A note on hierarchical hubbing for a generalization of the VPN problem

TL;DR

This paper demonstrates that the optimal hierarchical hubbing solution for a generalized VPN problem can be computed efficiently, extending the applicability of hierarchical hubbing in robust network design.

Contribution

It proves the polynomial-time computability of optimal hierarchical hubbing solutions for a broad generalization of the VPN problem.

Findings

Optimal hierarchical hubbing solutions can be found efficiently.

Extends hierarchical hubbing applicability to new VPN generalizations.

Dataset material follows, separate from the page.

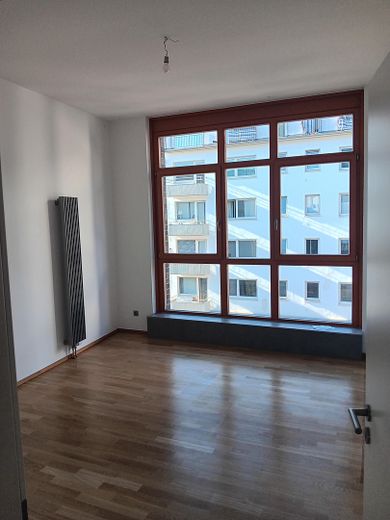 Exklusive 4-Zimmer-Loftwohnung | ca. 165 m² | TG-Stellplatz | Süd-Balkon | Frankfurt-Innenstadt – Arbeiten
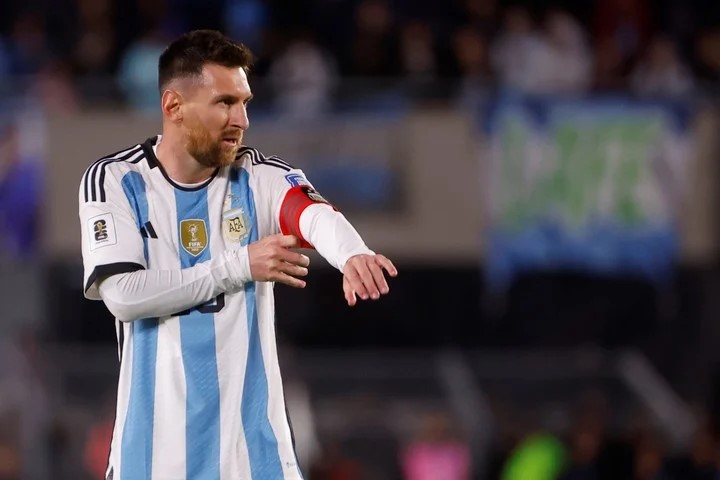 Messi se pone a punto con su recuperación física y Scaloni analizará si juega de titular o va al banco ante Perú por las Eliminatorias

Supports a generalized VPN Conjecture.

Abstract

Robust network design refers to a class of optimization problems that occur when designing networks to efficiently handle variable demands. The notion of "hierarchical hubbing" was introduced (in the narrow context of a specific robust network design question), by Olver and Shepherd [2010]. Hierarchical hubbing allows for routings with a multiplicity of "hubs" which are connected to the terminals and to each other in a treelike fashion. Recently, Fr\'echette et al. [2013] explored this notion much more generally, focusing on its applicability to an extension of the well-studied hose model that allows for upper bounds on individual point-to-point demands. In this paper, we consider hierarchical hubbing in the context of a previously studied (and extremely natural) generalization of the hose model, and prove that the optimal hierarchical hubbing solution can be found efficiently. This result is relevant to a recently proposed generalization of the "VPN Conjecture".